The first is the beauty of simplicity. Like without any (specialized) prior knowledge like geometrical series, graph theories, combinatorics and so on, you're able to visually see, how the proof works and that it works. So from the standpoint of a teacher or anybody trying to exemplify and explain that relation to someone else that's absolutely beautiful.

The thing is, that is practically equivalent to those:

https://math.stackexchange.com/a/2263/979158 or https://math.stackexchange.com/a/34393/979158

But you could get away without knowing any of the mathematical notation or other levels of prior knowledge and abstraction, yet you wouldn't have to cut on the essentials of the proof itself.

The problem, or rather the beauty, of mathematical and complete induction is that it is not problem specific, but can be generalized to a whole range of relations.
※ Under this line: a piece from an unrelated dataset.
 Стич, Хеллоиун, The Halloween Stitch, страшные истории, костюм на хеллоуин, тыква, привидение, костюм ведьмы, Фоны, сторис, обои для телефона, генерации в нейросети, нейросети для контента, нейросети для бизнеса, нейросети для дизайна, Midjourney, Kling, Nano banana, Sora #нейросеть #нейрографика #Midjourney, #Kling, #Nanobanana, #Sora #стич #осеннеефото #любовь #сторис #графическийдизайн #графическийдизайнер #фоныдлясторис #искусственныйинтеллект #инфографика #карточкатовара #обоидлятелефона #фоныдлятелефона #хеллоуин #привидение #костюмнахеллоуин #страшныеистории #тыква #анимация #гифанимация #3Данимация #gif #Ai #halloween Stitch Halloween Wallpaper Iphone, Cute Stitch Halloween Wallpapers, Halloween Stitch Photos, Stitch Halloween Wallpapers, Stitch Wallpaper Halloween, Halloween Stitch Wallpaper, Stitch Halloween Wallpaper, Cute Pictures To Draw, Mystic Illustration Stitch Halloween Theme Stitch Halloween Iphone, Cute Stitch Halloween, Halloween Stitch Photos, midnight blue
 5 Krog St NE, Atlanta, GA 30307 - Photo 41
The idea is essentially that under the assumption that the relation holds for n (or even for all elements m ∈ N, where m >=0) then it also holds for n+1. So what's left is to prove that it works at all, by additionally confirming a base case, usually the start of the natural numbers by 0 or 1.

Yet as said if you follow this algorithm you'd have proven that it works, but you wouldn't have needed to understand what it does it in the first place, how people came up with that relation, how and where you could apply it or why you wanted to prove that in the first place. It's something like being a car mechanic without a drivers license that has never driven a car in their entire life. You know what you need to do to fix it, but you would only know in the abstract what "fixed" even means.

Now again eye of the beholder, for some the journey is what is satisfying rather than the destination, so that could be a nice proof, but practically you'd need prior knowledge of what it does and if you don't have that it makes you feel like having applied something without fully understanding what it does (and you don't have to, in order to apply the algorithm) and now having your fingers crossed hoping that it will hold.

And the other source of satisfaction is the second proof in that initial post, that is a proof that you came up with yourself, or that put your prior knowledge to good use, that was challenging and complicated but in the end all parts fell in place perfectly. There's just a beauty in seeing something working as expected, acquiring a complicated skill, being able to use your knowledge and the like.

But again that leaves you with the unsatisfying answer from the beginning, what is or isn't satisfying lies in the eye of the beholder and what scares of some might be the source of satisfaction for someone else and what has a simplistic beauty to some might be "too obvious" for others. Also some just care for the fact that it works, while others like it when they understand how it works and how they can make use of that.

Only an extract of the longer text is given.